__SOURCE DATA__:
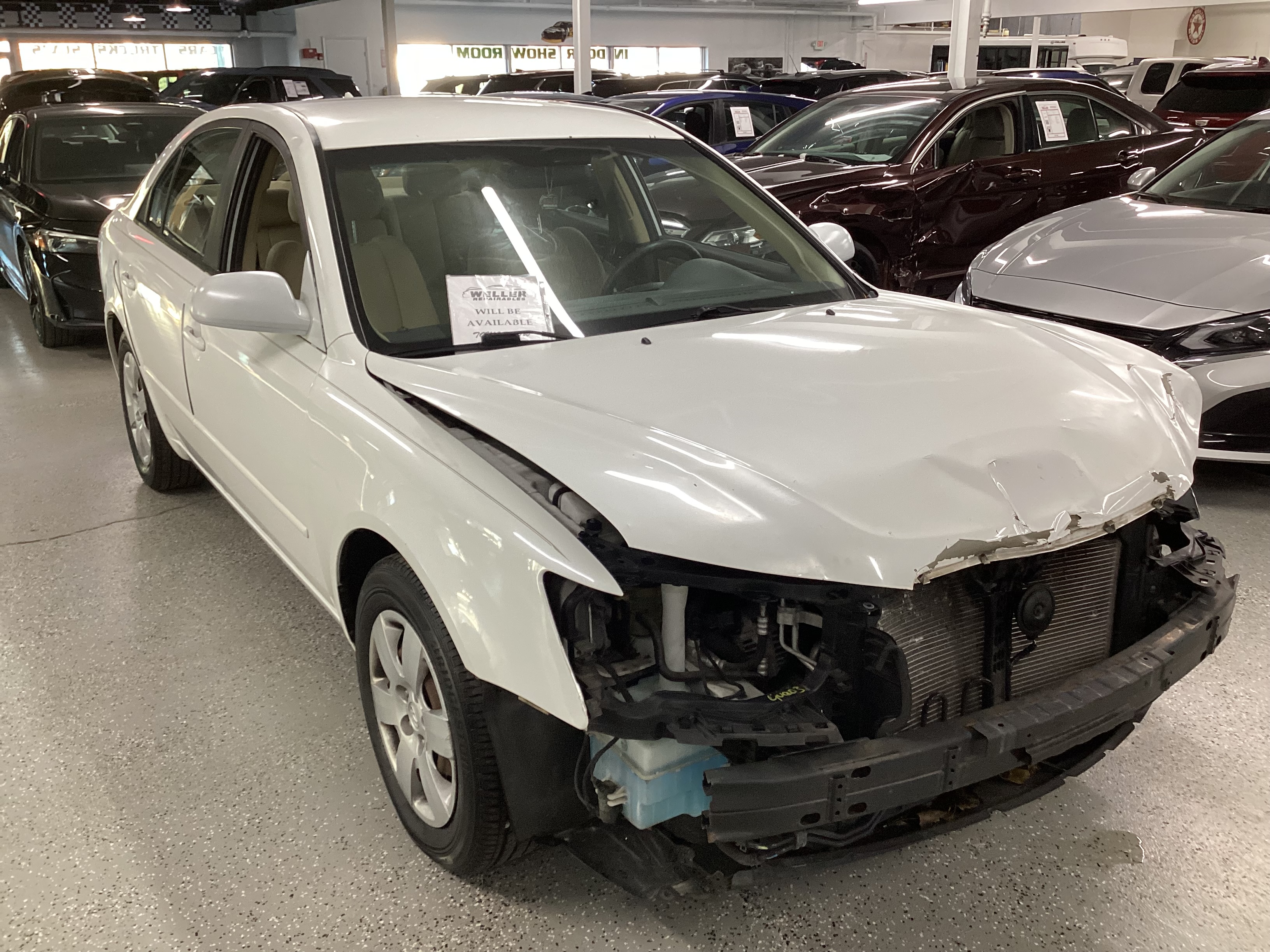 2010 HYUNDAI Sonata GLS - Image 4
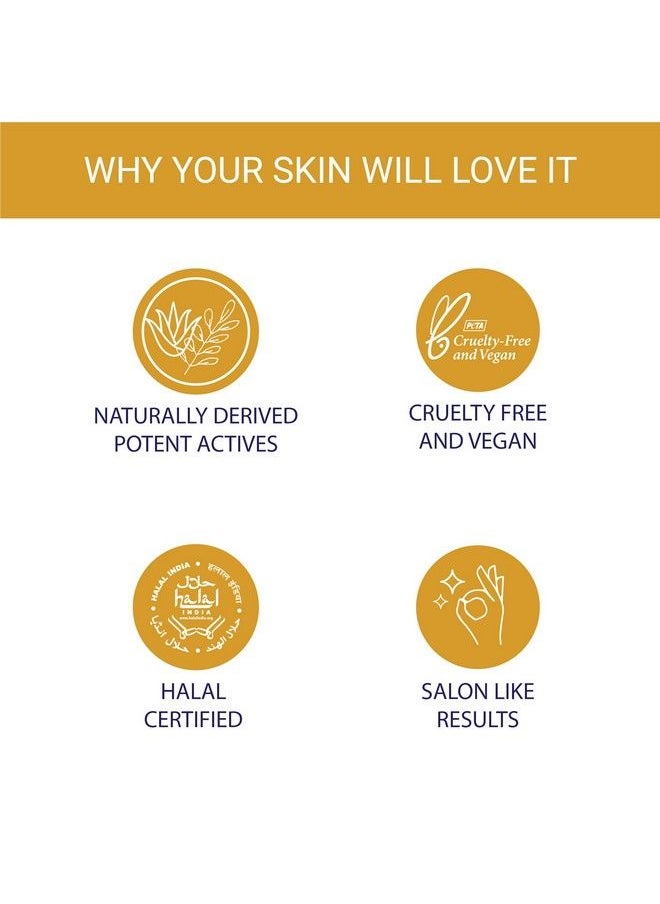 Iba Insta Dtan Facial Kit (6 Steps Single Use) L For Tan Removal And Glow L 6 Steps Single Use Kit L Salone Like Results  - Image 5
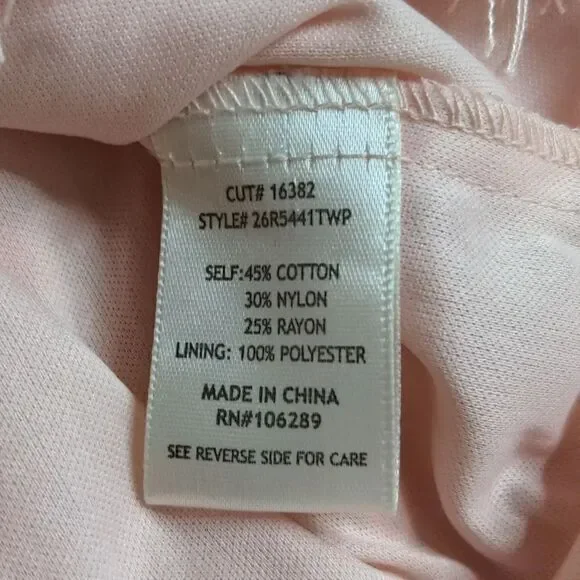 Altar'd State Small Pink Lace Dress with Fringe and Back Detail, NEW - Picture 5 of 12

__YOUR GOAL__: Each word of the data should be repeated exactly, and the pictures left out.

__ANSWER SPACE__:
 2010 HYUNDAI Sonata GLS - Image 4
 Iba Insta Dtan Facial Kit (6 Steps Single Use) L For Tan Removal And Glow L 6 Steps Single Use Kit L Salone Like Results  - Image 5
 Altar'd State Small Pink Lace Dress with Fringe and Back Detail, NEW - Picture 5 of 12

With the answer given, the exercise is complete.